Nasıl Olsa Öleceğiz

Yokluğuna bunca delil şiir
ey başım, daha da delir.
Bu yangın nedir, hiç bu bana yeter mi?
Sen’sizlik her gün gözüme güneş değdirir.
Benden başka herkesin derdi aynı,
Sen ile vakti geçiren yok ki,
vazgeçmesinler Sen’sizlik ile.

Bak yine ilham sardı kalbimi,
Dünya herkese tektir, herkes Dünya için tek,
tek bildiğim,
Sen’siz Dünyada tekim.
Neyim ben?
Aşk Hastası mı?
Neyinim ben, yabancının teki mi?
Yabancılaştı tek tek, börtü böcek,
Oğuz ölmek üzere yürüyen ölek,
yolu bir tek Sana gelir. Bu elinde değil.

Siyasiler görüyorum, Sen’i hatırlatıyor,
hatırlıyor musun bilmem, Sen bahsederken siyasetten, “Bunun sonu nedir?” demiştim,
Sen cevap verememiştin, sonra ben,
“Nasıl olsa öleceğiz, bunlar bize kâr değil, birbirimizi ne kadar çok seversek, birbirimizi o kadar sevindiririz.” demiştim, Sen bakıp,
yine beni önemsememiştin, haklı olan bendim.

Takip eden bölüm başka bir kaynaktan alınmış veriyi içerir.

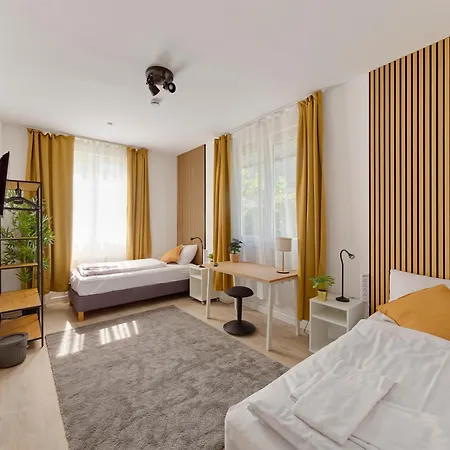 Hotel apartamentowy Lta Sued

Çevremde insanlar var, inanmıyorlar, neden bilmiyorlar? Onca ölen insan için ölümü neden hatırlamıyorlar? Nasıl olsa öleceğiz, Sen’i tekrar görmeliyim. Çünkü bu ölmeye de değer.
“Ne gerek var, nasıl olsa öleceğiz,”
diyorsun da, bilmiyorsun işte, Ruh’um ölmeyecek ki, zaten Sen’i Ruh’u ile seven kaç kişi kaldı ki? Annen, baban, kardeşin,
Oğuz zaten Aşık’tır.

Oğuz zaten başlı başına Aşk’tır,
Sen’inle dolmuş kitaptır, Sen’sizlikte yoğrulmuş Adam’dır. Baksana etrafına, kimin var ya da kimin yok…
Baksana etrafıma, Aşık’tan bernâlarla dolu,
gözüm yok hiç birinde, Sen berrâsın,
bakıyorum da etrafına, ne etraflık insanlar,
egoları bulaşmış elbiselerine, ellerine, yüzlerine de,
yüz bulmuşlar Sen’den, yüz vermişsin hepsine. Neden mi umurumda?
Bilmiyorum, Aşığım ya, ondandır,
seviyorum ya hani ben Sen’i, ondandır.
Belki de bundandır her şey, imtihanıdır.